M. L. Minus, K. Song, Y. Zhang, J. Meng and E. C. Green
Scientific Tracks Abstracts: J Material Sci
Controlling the structural development in the interphase regimes during composite processing is necessary in order to improve stress transfer between polymer matrices and nano-fillers. Shear-crystallization and gel-spinning under flow were combined to fabricate polymer/nano-carbon composite fibers with controlled interphase structure. Interfacial crystallization of the polymer in the vicinity of the nano-carbon was controlled by tailoring the degree of polymer under-cooling during the composite solution preparation and the flow parameters of spinning. The resultant fibers demonstrate superior tensile strength, modulus, and toughness properties. For example, poly (vinyl alcohol) (PVA)/SWNT fibers were spun with tensile strength, modulus, and toughness of 4.9 GPa, 128 GPa, and 202 J/g, respectively. X-ray diffraction/scattering was used to show that interfacial polymer crystal structure is distinct from the semi-crystalline bulk polymer matrix.

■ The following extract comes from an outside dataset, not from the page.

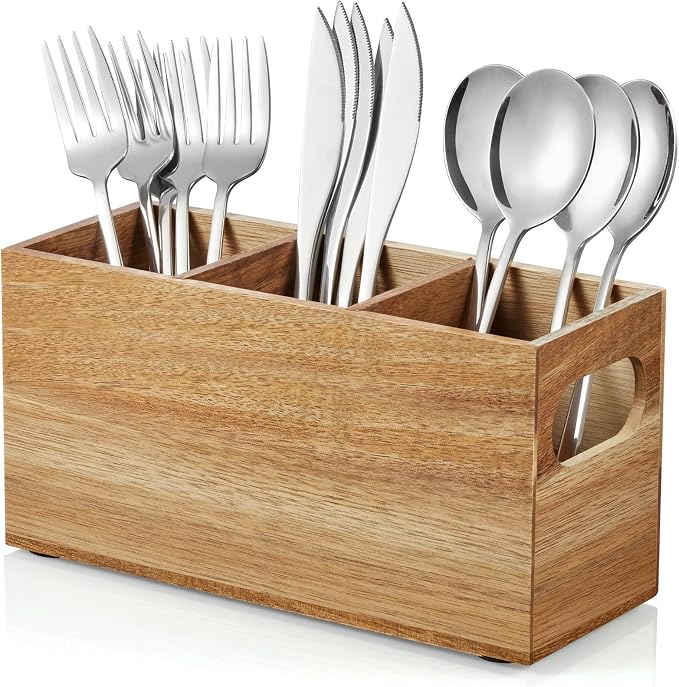 DRASTAR Silverware Holder, Acacia Wooden Utensil Caddy, Cutlery Holder by EnhanceYourDailyLife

The results show that the polymer interfacial regions around the nano-carbon have denser crystalline chain-packing and more extended-chain structure, which are key micro-structural components for producing composite materials with exceptional axial mechanical properties. This work highlights these unique polymer processing methods for nano-composites in order to tailoring the polymer morphology within interphase structures.